WORK TO COMPLETE
Everything from the line containing "Yards) Lifestyle Photo" through the last line of the entries needs to be repeated exactly. Pictures must be left out.

DATASET
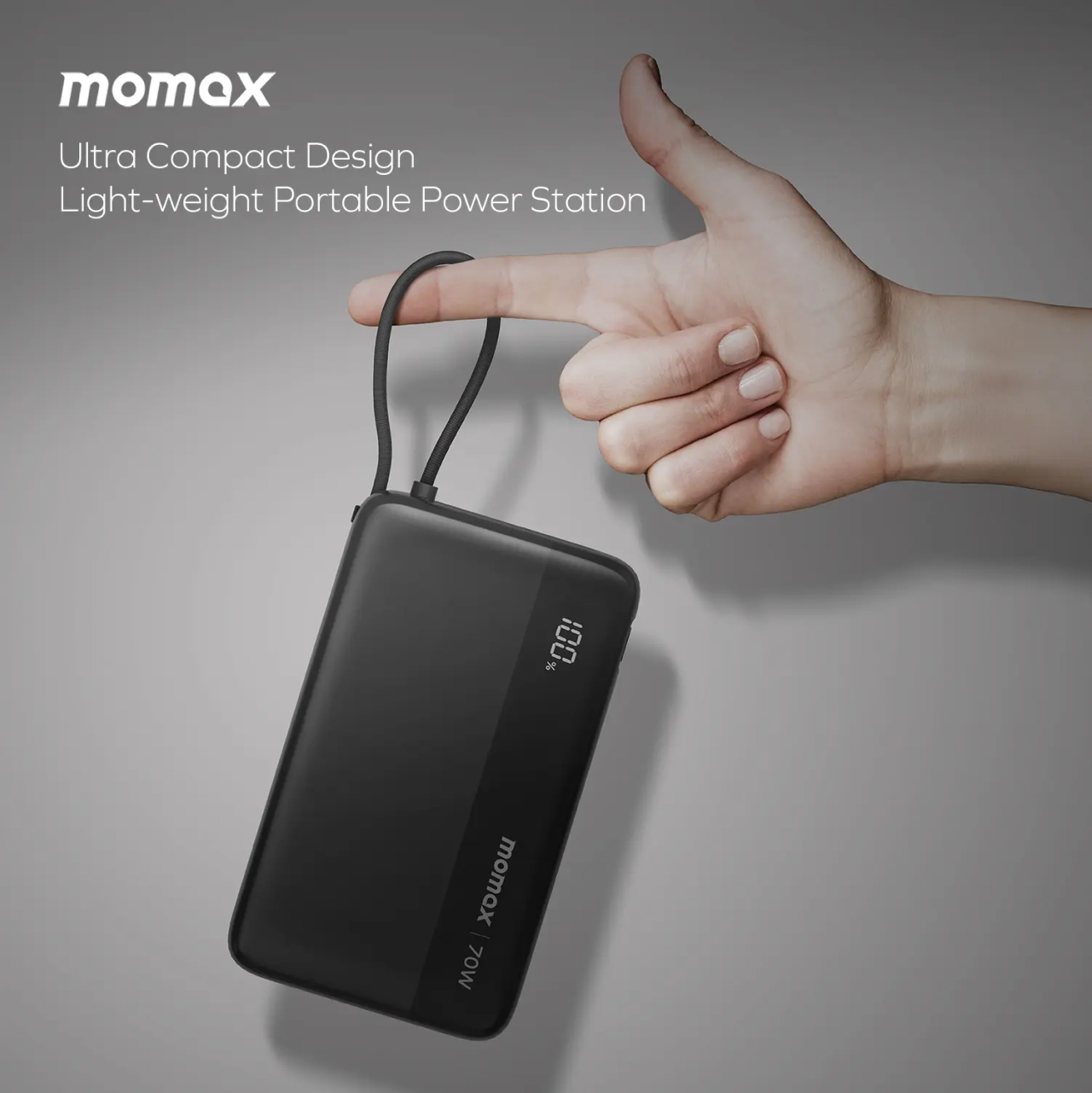 Momax Powerbank Built in Kabel Charger USB C 20000mAh 1-Power Ultra+ - Black IP151D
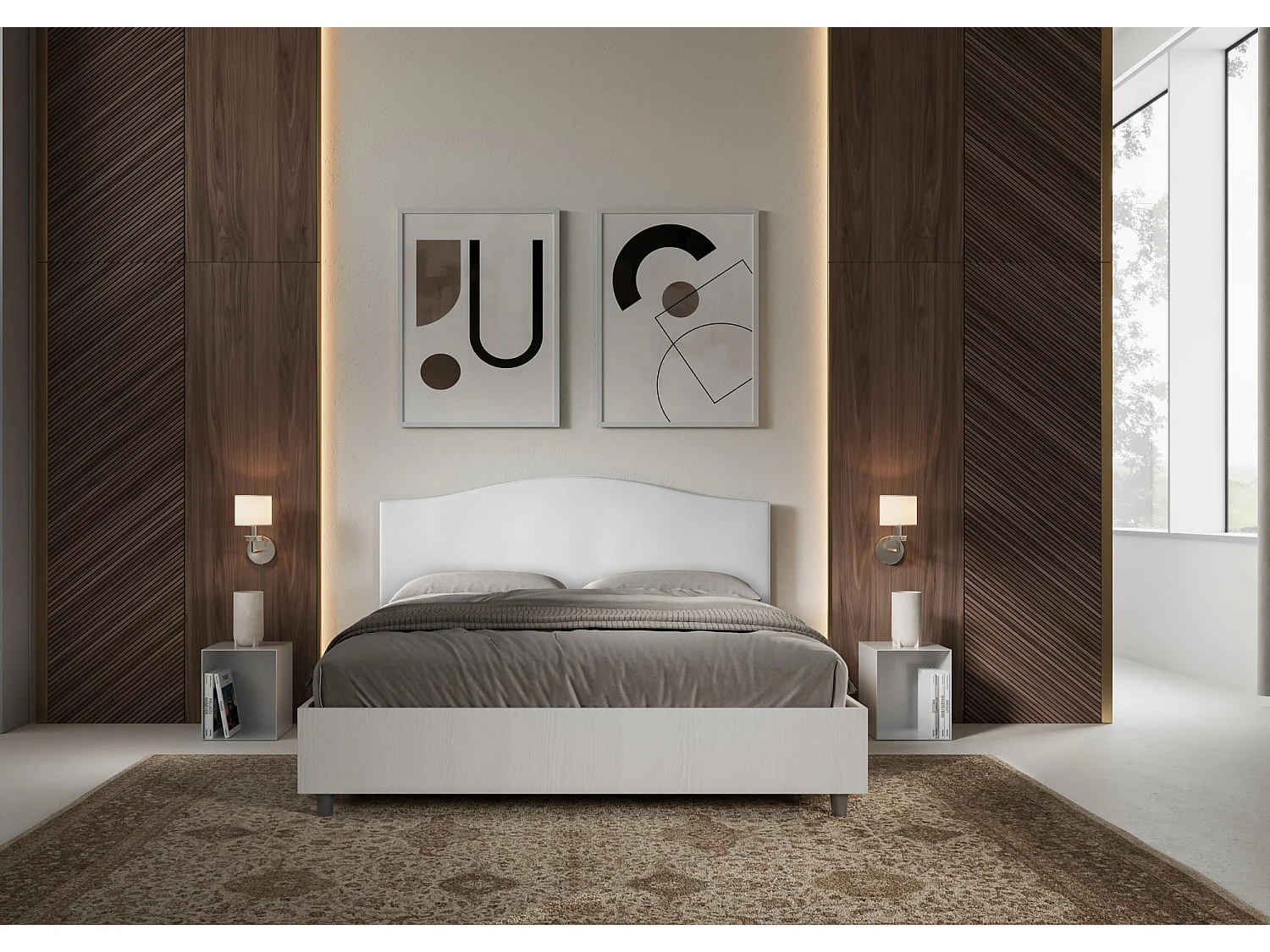 Lit sans sommier 160x200 structure frêne blanc tête de lit similicuir blanc Grace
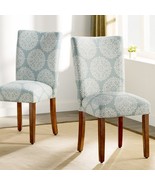 Set Of 2 Dining Room Chairs Classic Wood Sky Blue Damask Chair Sturdy At... - £175.85 GBP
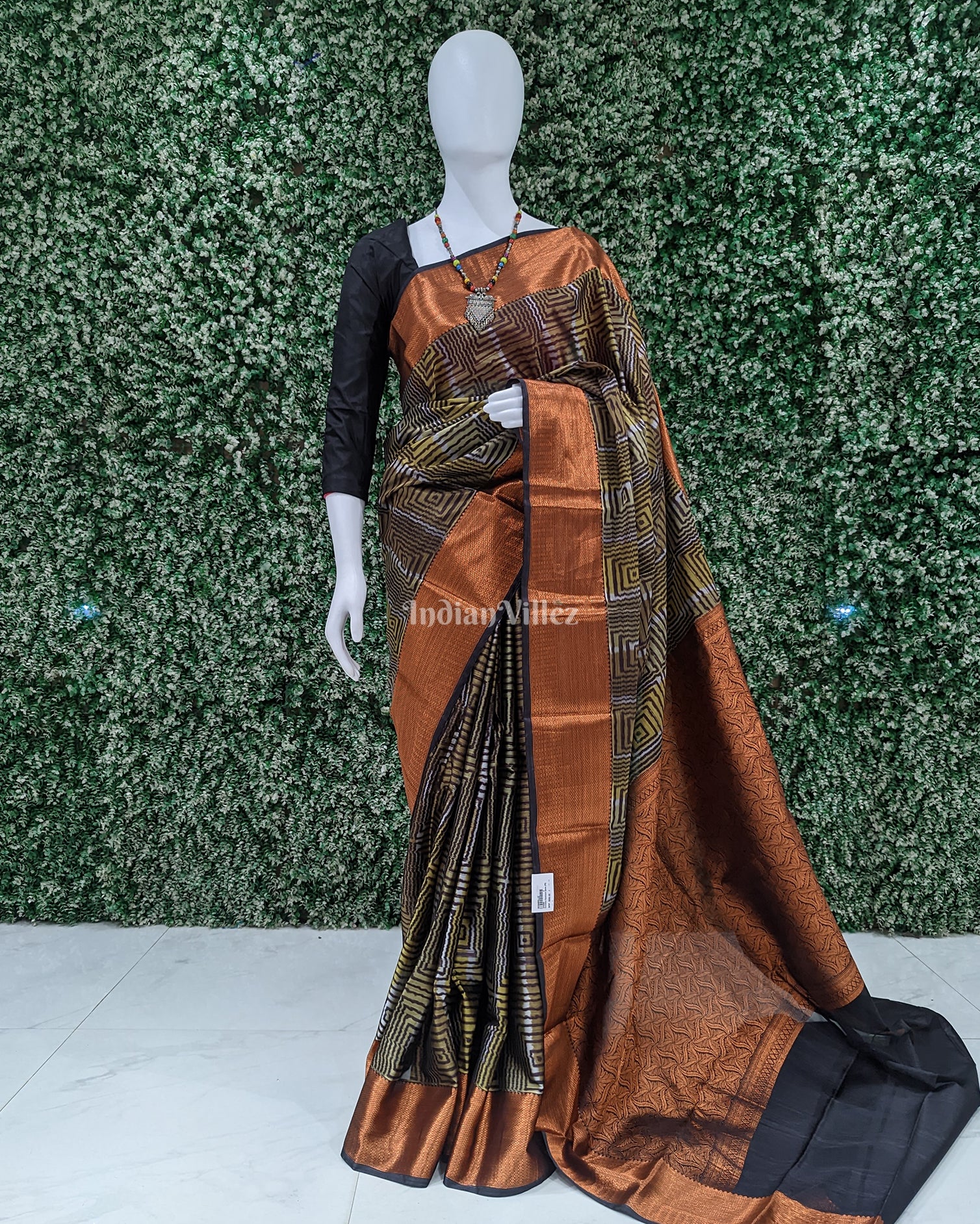 Golden Brown 3D Digital Print Kanjivaram Silk Saree 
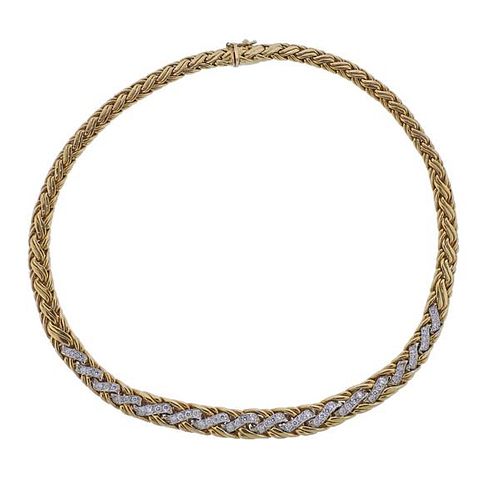 18k Gold Diamond Braided Necklace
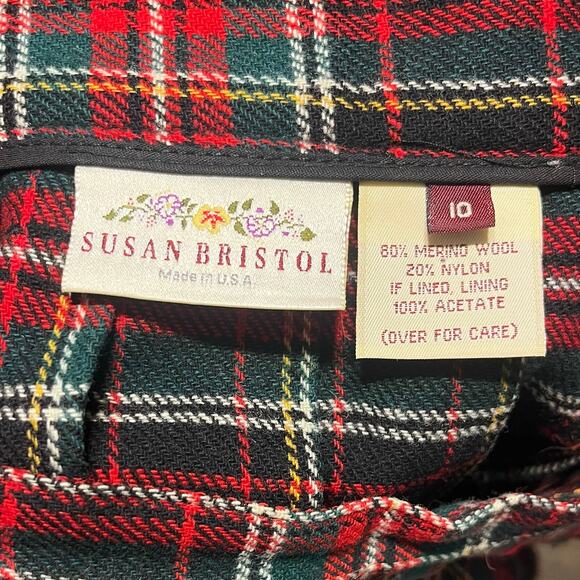 VTG SUSAN BRISTOL Merino Wool Plaid Midi Skirt Sz 10 Red Green Holiday Academia - Picture 5 of 8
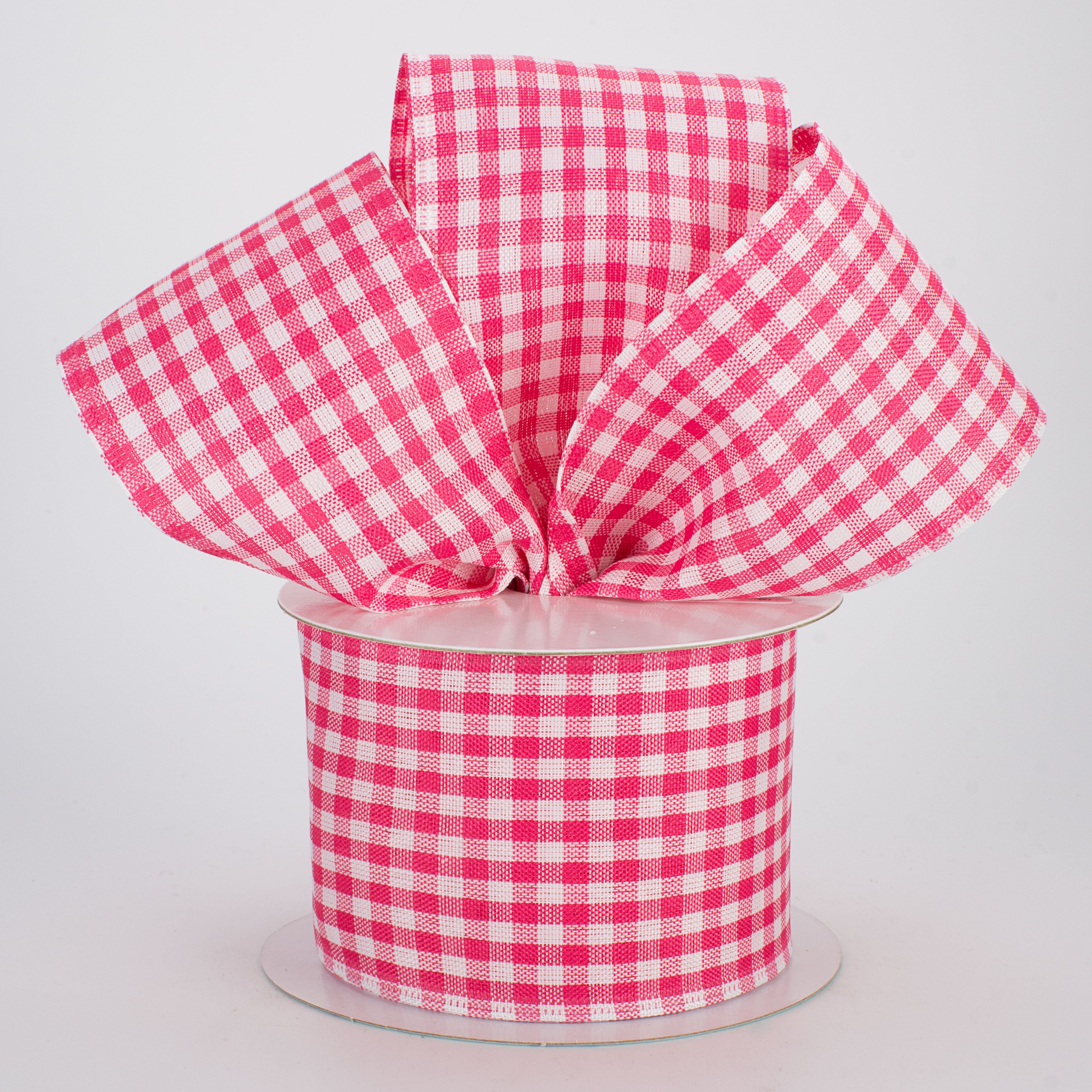 2.5" Gingham Check Wired Ribbon: Dark Pink & White (10 Yards) Lifestyle Photo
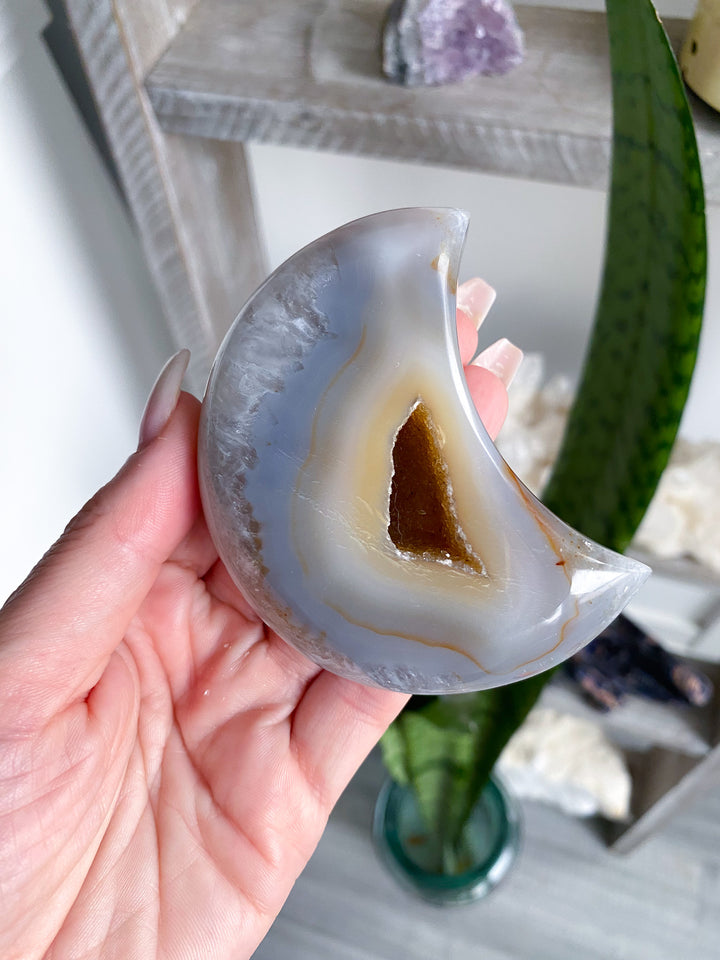 Druzy Grey and Peach Agate Moon - Get Exact Item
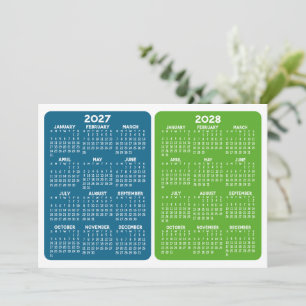 Vista de calendario de 2 años - 2027 2028 azul ver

EXERCISE OUTPUT
 2.5" Gingham Check Wired Ribbon: Dark Pink & White (10 Yards) Lifestyle Photo
 Druzy Grey and Peach Agate Moon - Get Exact Item
 Vista de calendario de 2 años - 2027 2028 azul ver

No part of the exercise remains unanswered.